Just placed an order for a Sako 85 Hunter blue/walnut in .308 Win. Tomorrow I'll be ordering a Sako 85 Varmint with a 600 mm barrel in .223 Rem. Just waiting on confirmation of what twists are in stock. Sako does the .223 in 3 twists: 1:14, 1:12 and 1:8. Know that tighter twist stabilises a heavier bullet but I was wondering about muzzle velocity. Can anyone tell me how mv varies with twist given same barrel length and same cartridge?

Cheers
 
Go with the 1 in 8 twist. It will stabilize 75 and 80 grain bullets and give you an 800 to 1000 yard gun! Velocity is meaningless if you are dialing the distance. The heavier bullets will be slower out of the gate but have much higher BC and will have much higher down range velocicty and way less wind drift. You will love it! Run the numbers on a ballistic program.
 
On the other hand, if you intend to shoot light thin-jacketed bullets such as the Hornady 50 gr. SX, or something of that nature, stay away from the 1-8 twist. They will shoot fine in a slow twist but will turn to smoke in a fast twist. I have to label my 223 bullets for either the bolt actions (slow twist) or AR Style (fast twist).
 
The more frangible bullets do okay in a fast-twist barrel, you just have to slow them down a bit. But why use an SPSX if you've got enough RPM to open the 50gr V-Max or BT up just fine?

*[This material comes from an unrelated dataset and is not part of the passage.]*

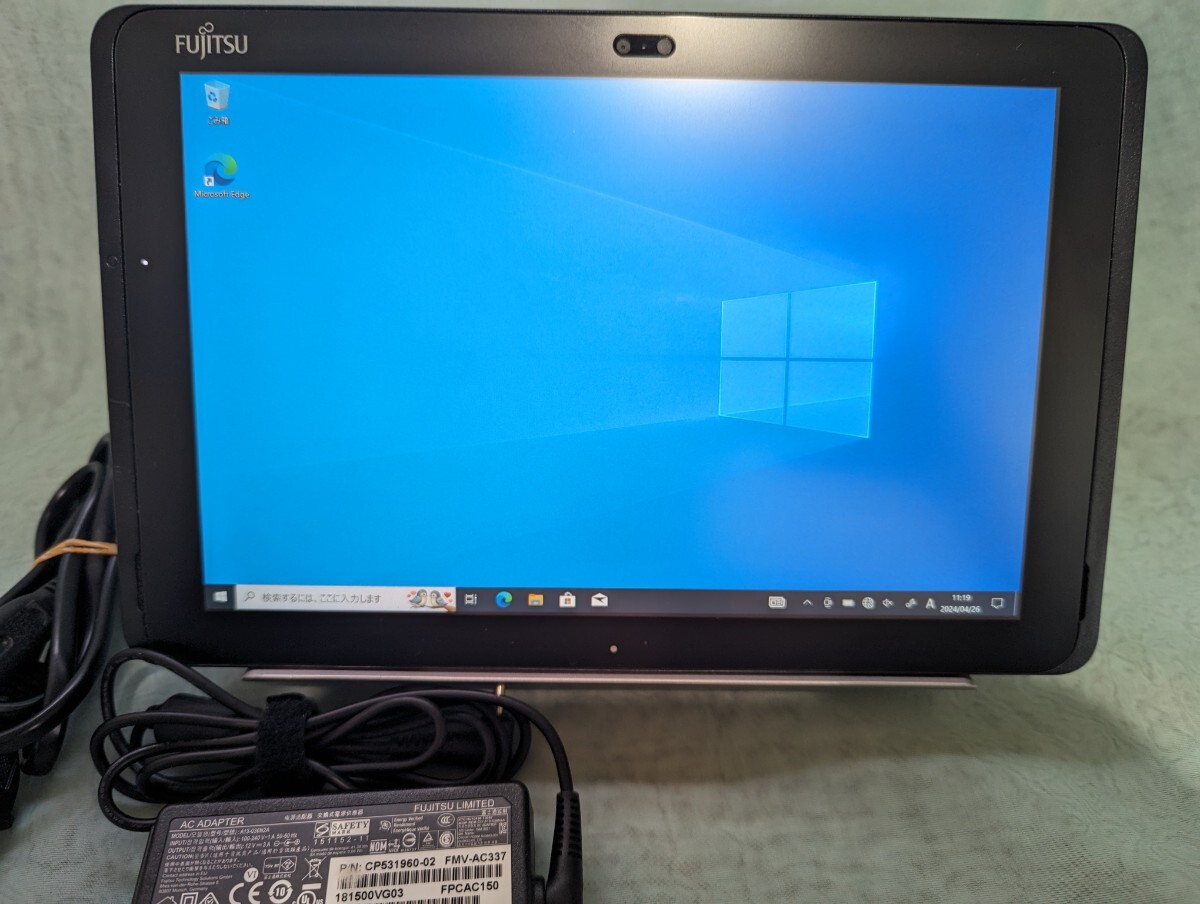 Fujitsu タブレット-ARROWS Tab Q508/SB (Win 10) 64GB_画像1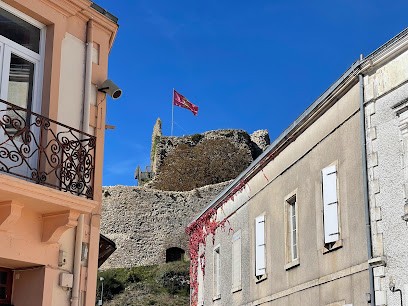 Hôtel Restaurant Du Commerce, Hôtel à Talmont-Saint-Hilaire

I'd certainly go 8" twist.
 
MV is nice, but BC is forever

don't recall who said that

if you plan to shoot long range, go with the 8 twist

You can squeeze a little extra MV out of a slower twist if for no other reason than you can max out the light/thin jacket bullets without shredding them. That may be more of a factor for varminters or bench shooters using flat base bullets at shorter range.

-- richard
 
I'm getting 3350fps with the 52gr Speer HP from my 9" twist .223 with 28" barrel, with no issues. Fantastic accuracy, and no blow ups. I'm also getting 3050fps with the 75gr A-Max, also with great accuracy. I'm at ~4000feet ASL, so 9" twist works for me, but I'd go 8" if I were starting from scratch. If you want to shoot a truly great .224" long-range bullet, then go 7" twist and shoot the 90gr VLD.
 
Well, a faster twist means the angle the rifling presents to the bullet is greater and that'll increase the resistance the bullet meets as it starts into the rifling. So muzzle velocity will change just like increased neck tension on the bullet does; it goes up. How much may be hard to measure 'cause in reality, it's probably not more than a few feet per second. A bullet entering a 1:9 twist barrel may leave 2 to 3 fps faster than a 1:10 twist one.

And I've never seen any load data suggesting the powder charge be decreased a bit for faster twist barrels.
 
Thanks for all the input guys. Just waiting on the LGS to call with info on what the importer has in stock. If I have to place an order with the factory in Finland it'll take 6 months.